Given material below:
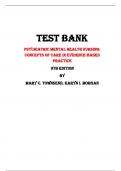 Psychiatric Mental Health Nursing: Concepts of Care in Evidence-Based Practice 9th Edition Test Bank By Mary C. Townsend, Karyn I. Morgan | Chapter 1 – 32, Latest - 2023/2024|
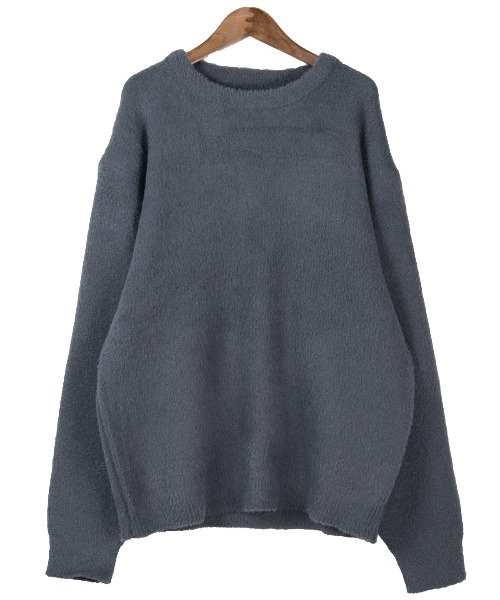 LUXSTYLE(ラグスタイル)の「フェザーヤーンクルーネックニット(ニット/セーター・メンズ・グレイッシュベージュ/ブラック/チャコールグレー・M/L)」の17枚目の写真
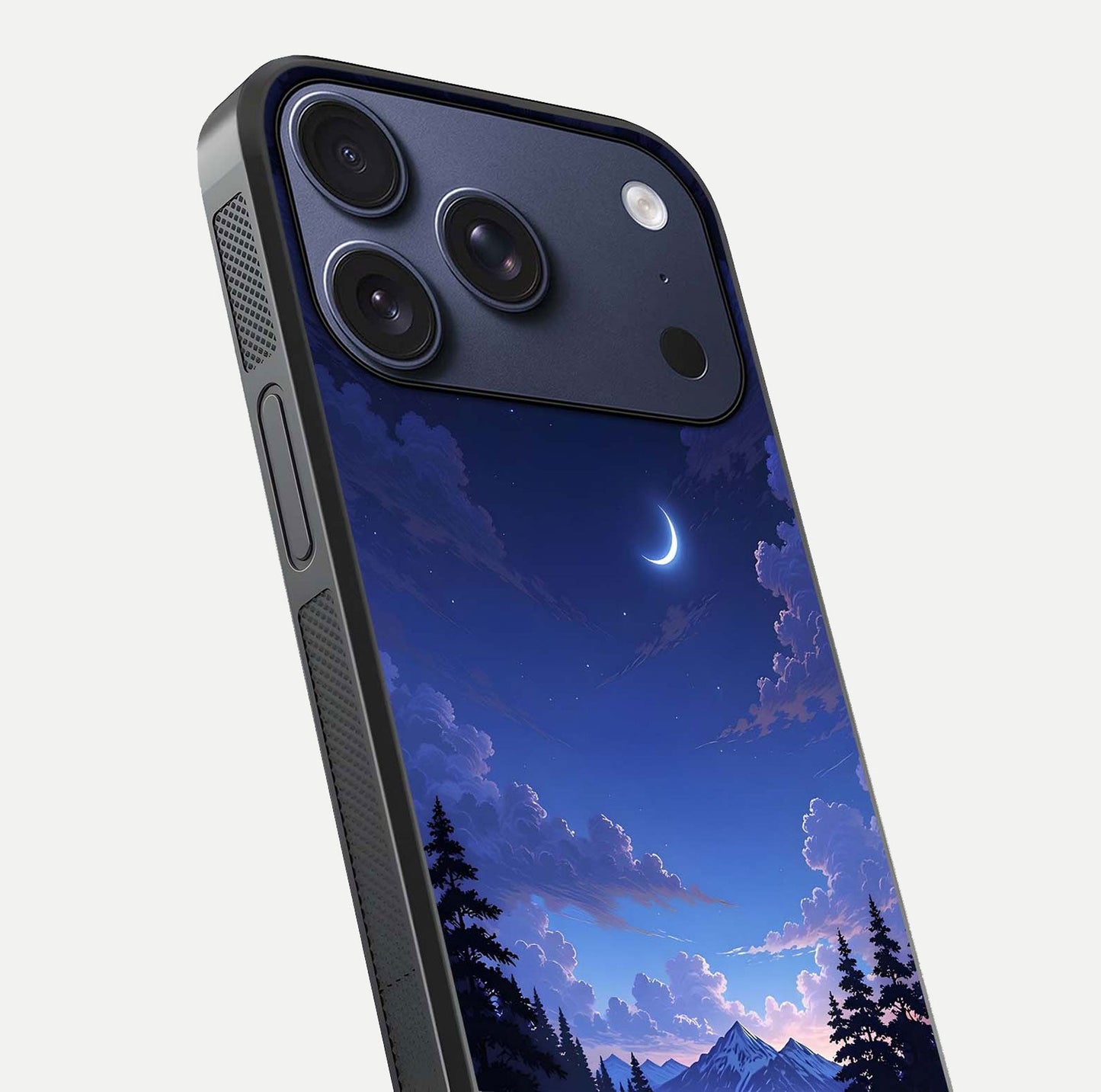 Midnight Lake Peace Glass Case for iPhone 17 Pro close-up angled shot showing blue night tones and reflection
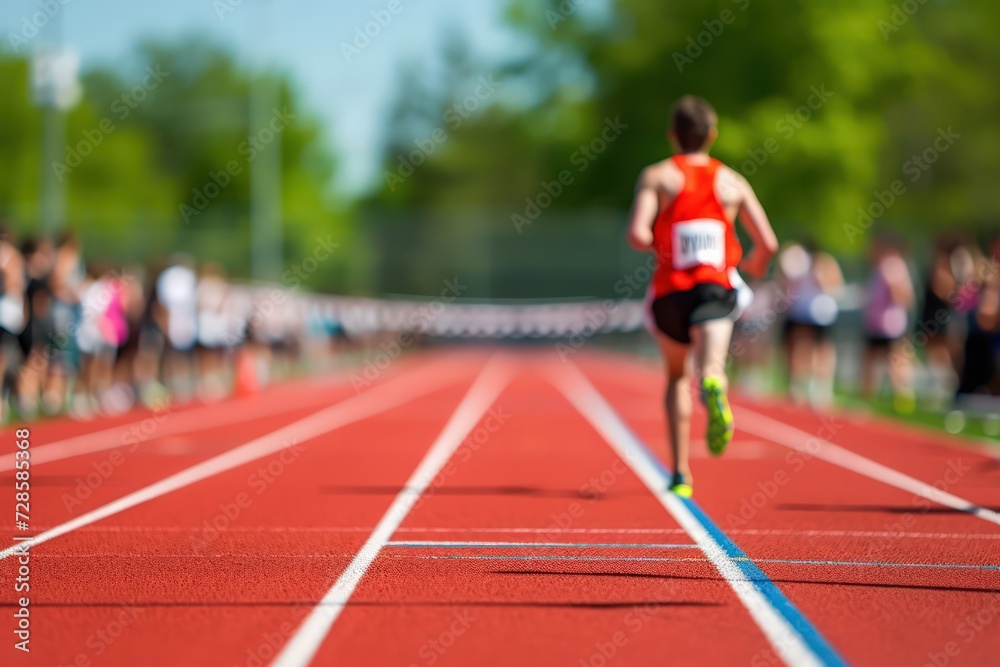 Male runner sprinting towards the finish line at a track event with and blurred audience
End of Given material.
▶ **The problem**:
Please return exactly the lines from the one containing "LUXSTYLE(ラグスタイ" through the end of the material above, both ends included, but not the pictures.

▶ **Written reply**:
 LUXSTYLE(ラグスタイル)の「フェザーヤーンクルーネックニット(ニット/セーター・メンズ・グレイッシュベージュ/ブラック/チャコールグレー・M/L)」の17枚目の写真
 Midnight Lake Peace Glass Case for iPhone 17 Pro close-up angled shot showing blue night tones and reflection
 Male runner sprinting towards the finish line at a track event with and blurred audience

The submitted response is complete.